> _ACTIVITY_
In your copy of the listing below, reproduce each word exactly and include no pictures.

> _SOURCE MATERIAL_
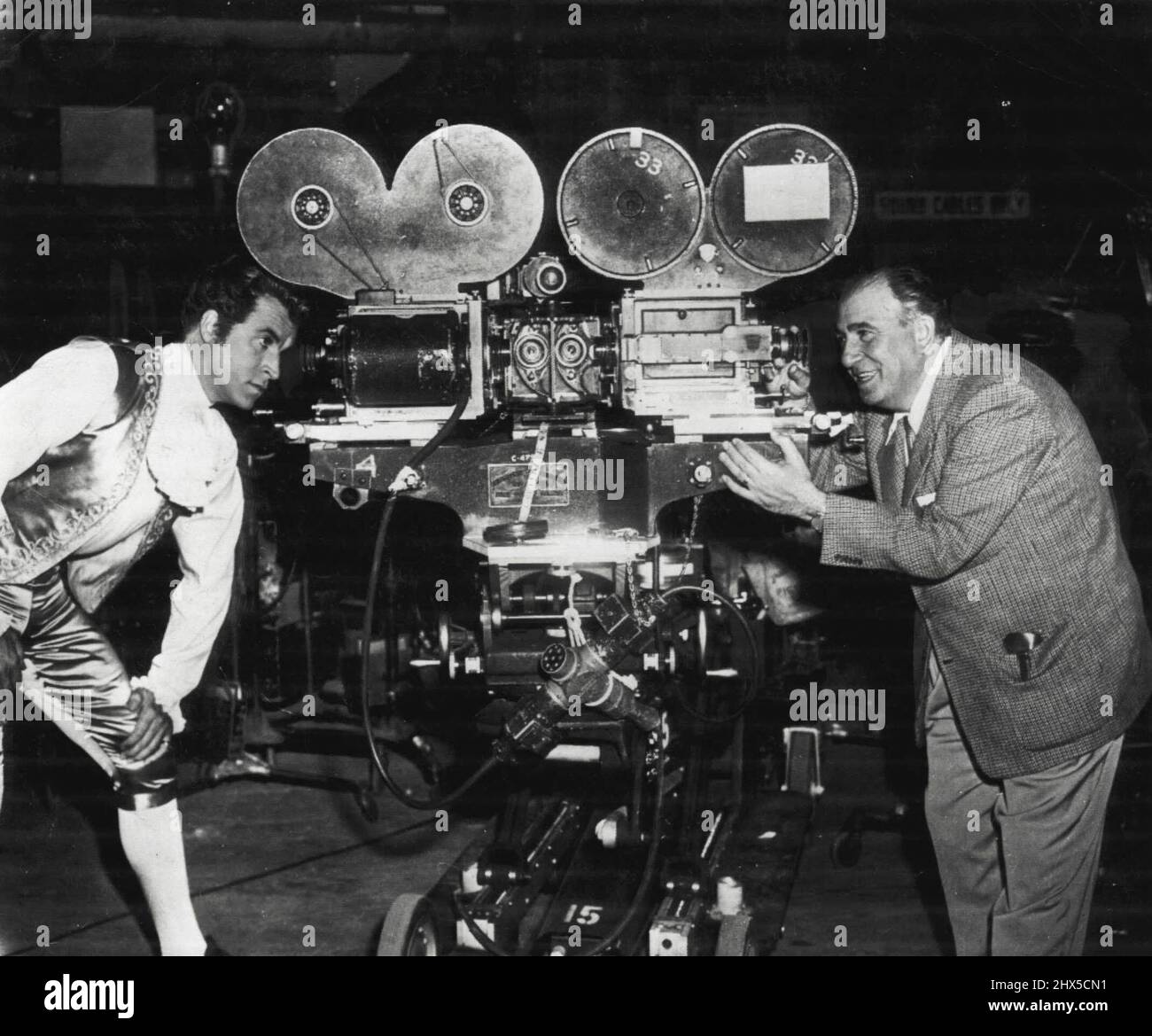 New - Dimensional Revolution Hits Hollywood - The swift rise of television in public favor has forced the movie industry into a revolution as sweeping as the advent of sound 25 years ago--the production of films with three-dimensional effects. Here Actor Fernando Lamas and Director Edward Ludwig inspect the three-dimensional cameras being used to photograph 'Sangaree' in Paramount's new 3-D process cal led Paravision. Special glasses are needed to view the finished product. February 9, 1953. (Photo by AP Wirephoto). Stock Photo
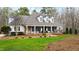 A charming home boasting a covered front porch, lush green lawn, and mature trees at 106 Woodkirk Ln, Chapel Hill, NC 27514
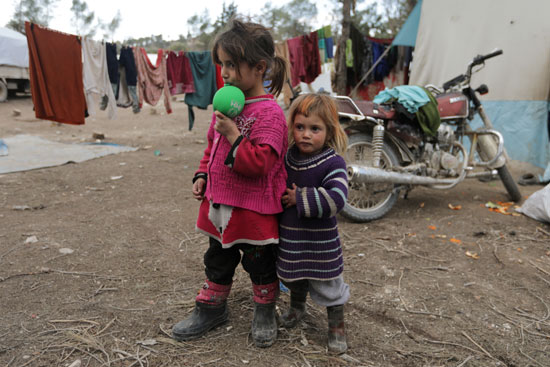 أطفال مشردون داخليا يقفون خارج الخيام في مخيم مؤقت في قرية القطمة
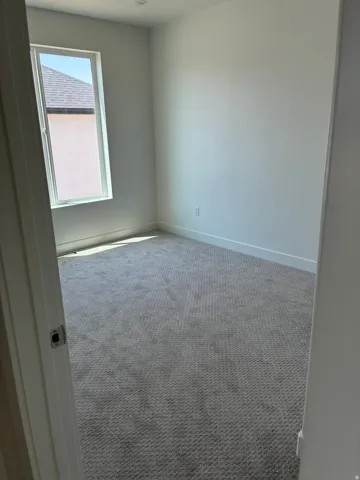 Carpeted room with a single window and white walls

> _TASK RESULT_
 New - Dimensional Revolution Hits Hollywood - The swift rise of television in public favor has forced the movie industry into a revolution as sweeping as the advent of sound 25 years ago--the production of films with three-dimensional effects. Here Actor Fernando Lamas and Director Edward Ludwig inspect the three-dimensional cameras being used to photograph 'Sangaree' in Paramount's new 3-D process cal led Paravision. Special glasses are needed to view the finished product. February 9, 1953. (Photo by AP Wirephoto). Stock Photo
 A charming home boasting a covered front porch, lush green lawn, and mature trees at 106 Woodkirk Ln, Chapel Hill, NC 27514
 أطفال مشردون داخليا يقفون خارج الخيام في مخيم مؤقت في قرية القطمة
 Carpeted room with a single window and white walls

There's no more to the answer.